#### DATASET CONTENT:
* * *
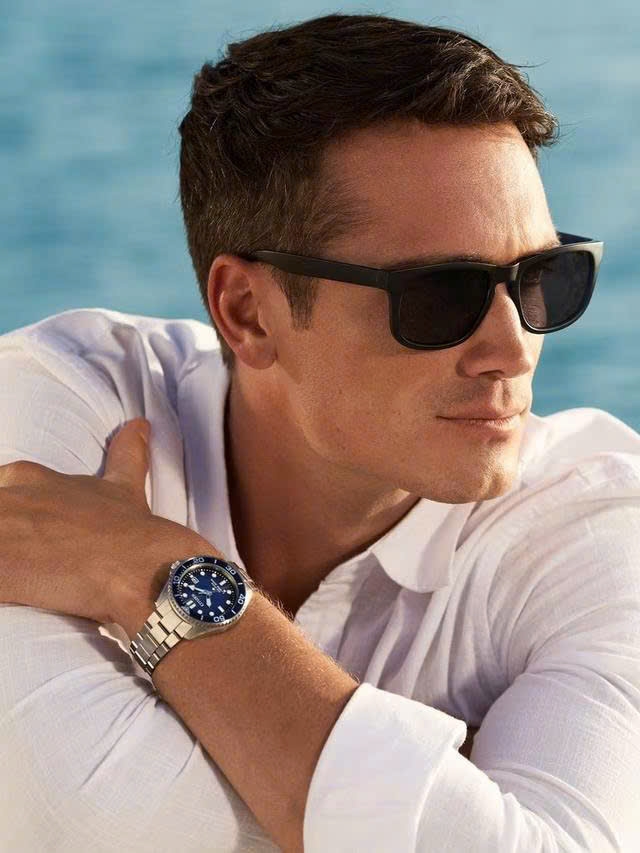 Đồng Hồ Nam Citizen Quartz Eco-Drive Promaster BN0260-54L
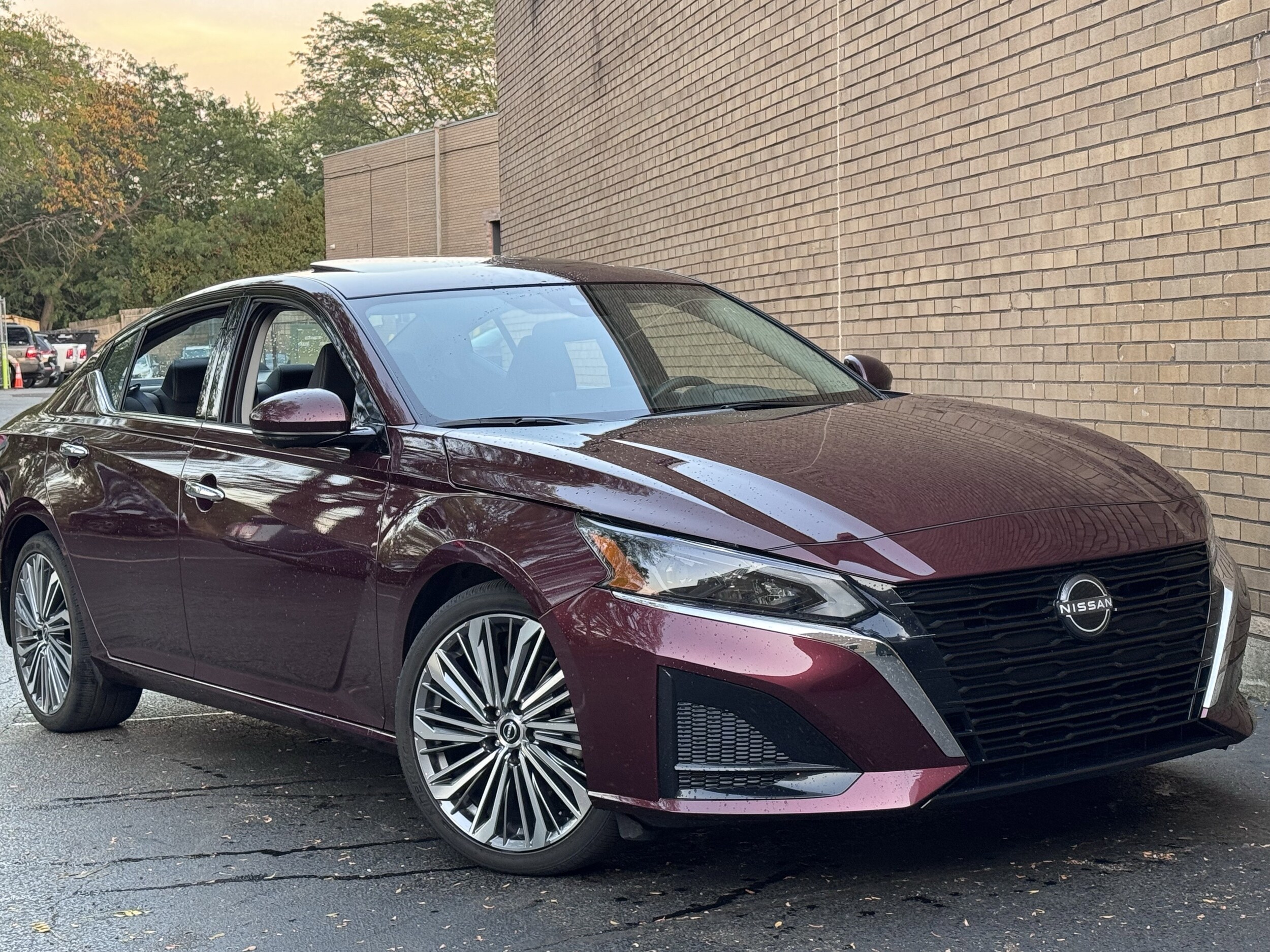 2024 Nissan Altima 2.5 SL photo 2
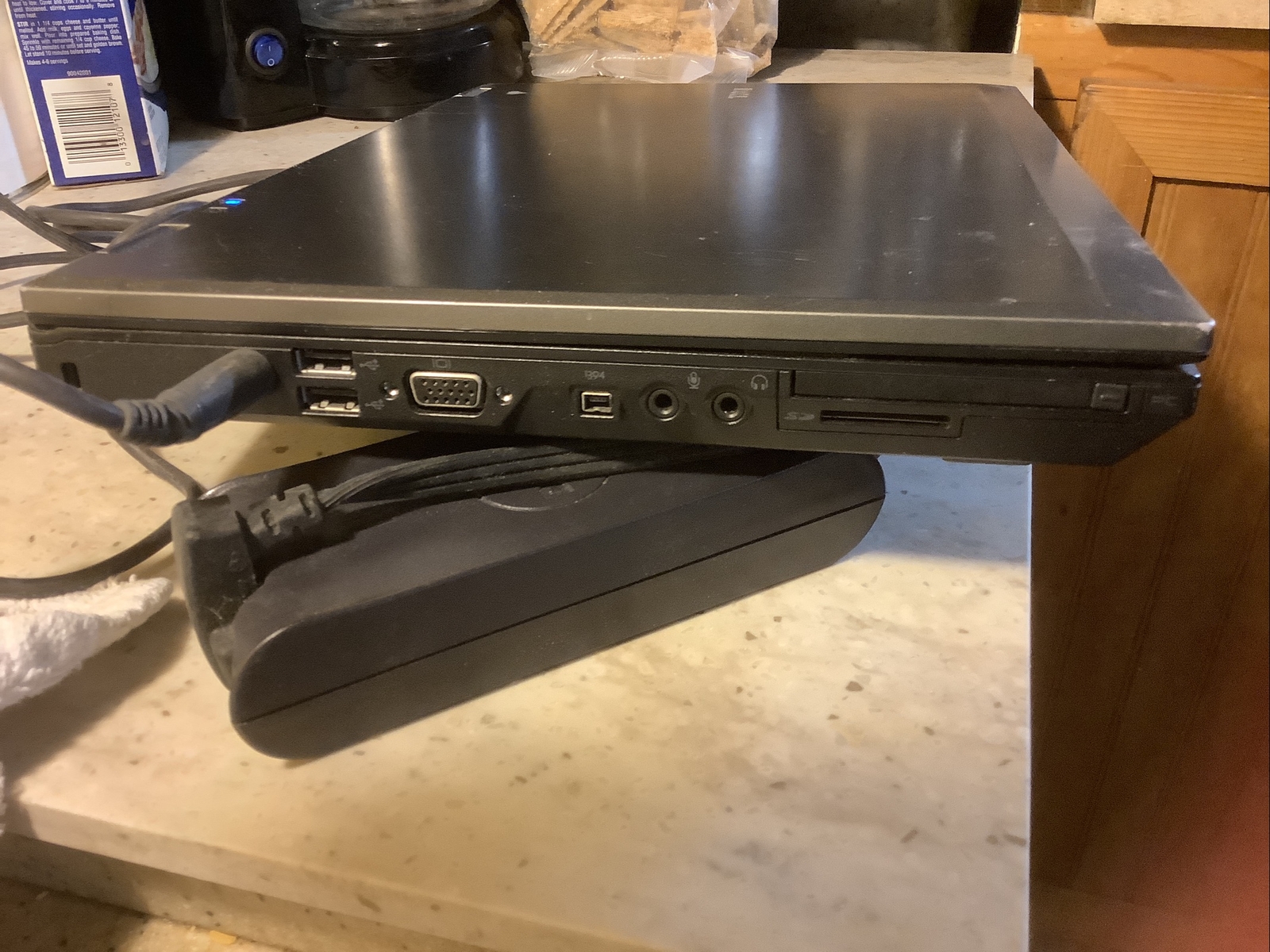 Dell Latitude Laptop E5410 14″ With power supply charger FOR PARTS / AS IS ]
* * *
#### PROBLEM REQUIREMENTS:
Repeat the data above exactly, but not the pictures.

#### ANSWER SECTION:
 Đồng Hồ Nam Citizen Quartz Eco-Drive Promaster BN0260-54L
 2024 Nissan Altima 2.5 SL photo 2
 Dell Latitude Laptop E5410 14″ With power supply charger FOR PARTS / AS IS ]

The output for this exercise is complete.